Exercise directions:
Your task is to reproduce, verbatim and without pictures, the lines from the opening of the listing through the line containing "photograph of two".

Dataset section:
_____
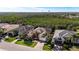 Aerial perspective of three homes, showcasing their placement and curb appeal at 5203 Lake Overlook Ave, Bradenton, FL 34208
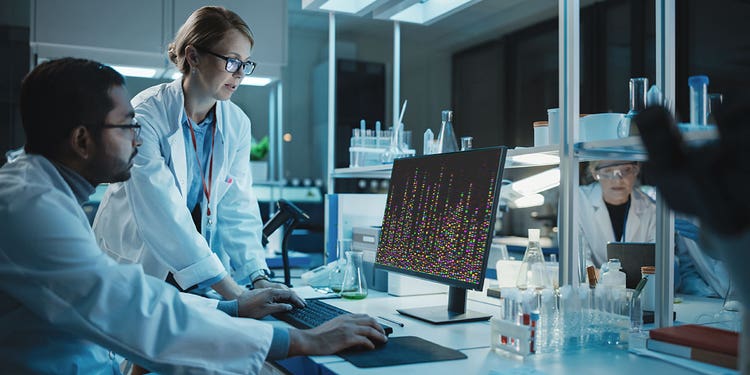 photograph of two researchers working in a lab looking at a computer display with genetic marker data.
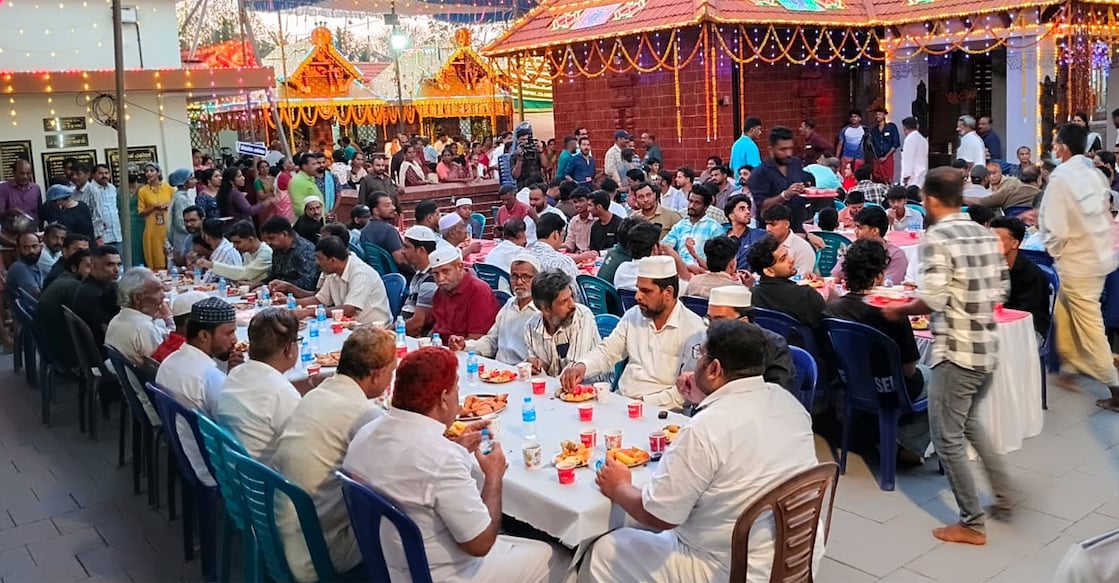Iftar in the courtyard of the Sree Poobanam Kuzhi Temple at Thachangad in Panayal village near Bekal. Photo: Special Arrangement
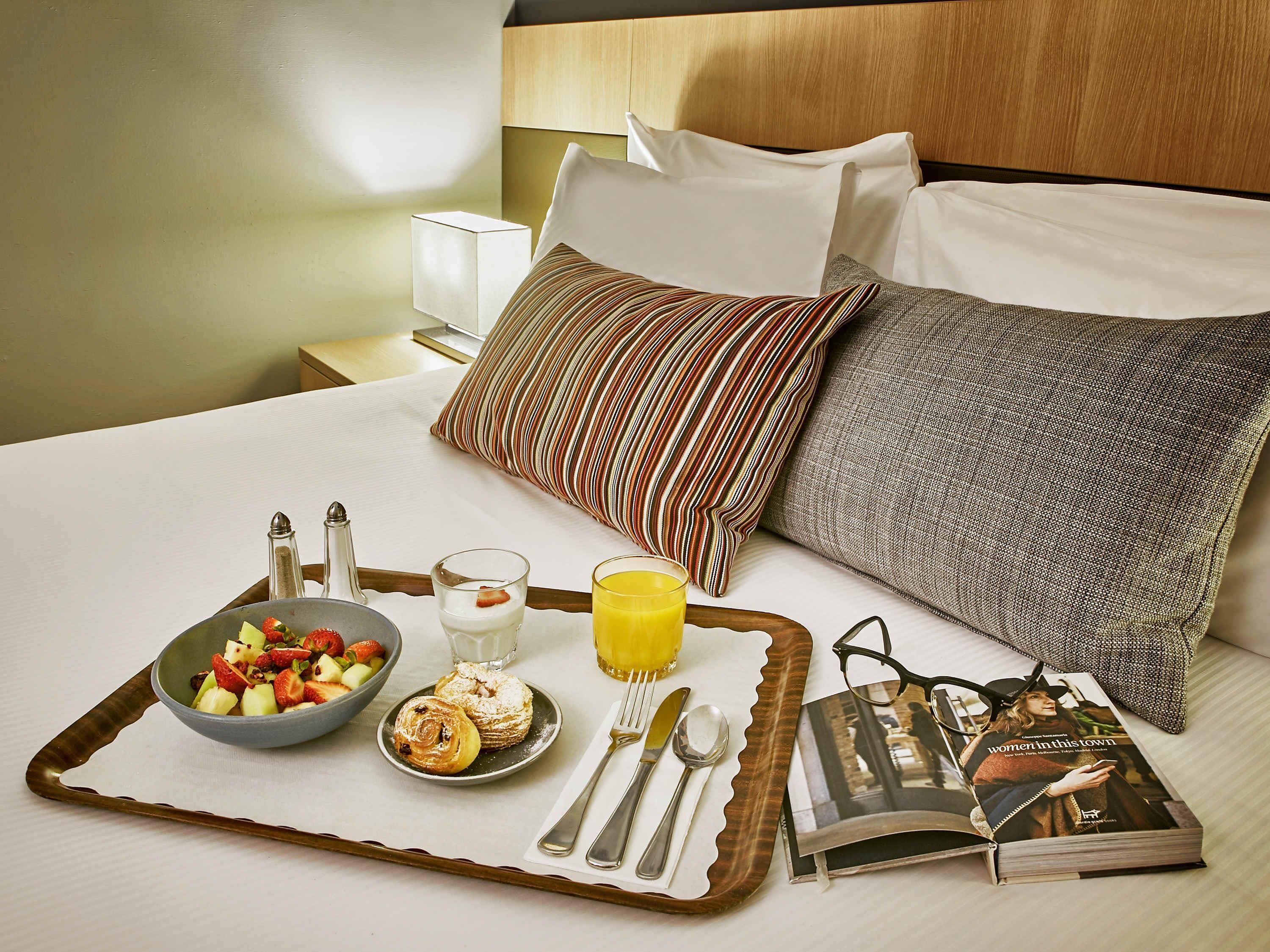 A neatly made bed with pillows, a tray with breakfast including fruit, pastries, and juice, and a book on the side.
_____
Response box:
 Aerial perspective of three homes, showcasing their placement and curb appeal at 5203 Lake Overlook Ave, Bradenton, FL 34208
 photograph of two researchers working in a lab looking at a computer display with genetic marker data.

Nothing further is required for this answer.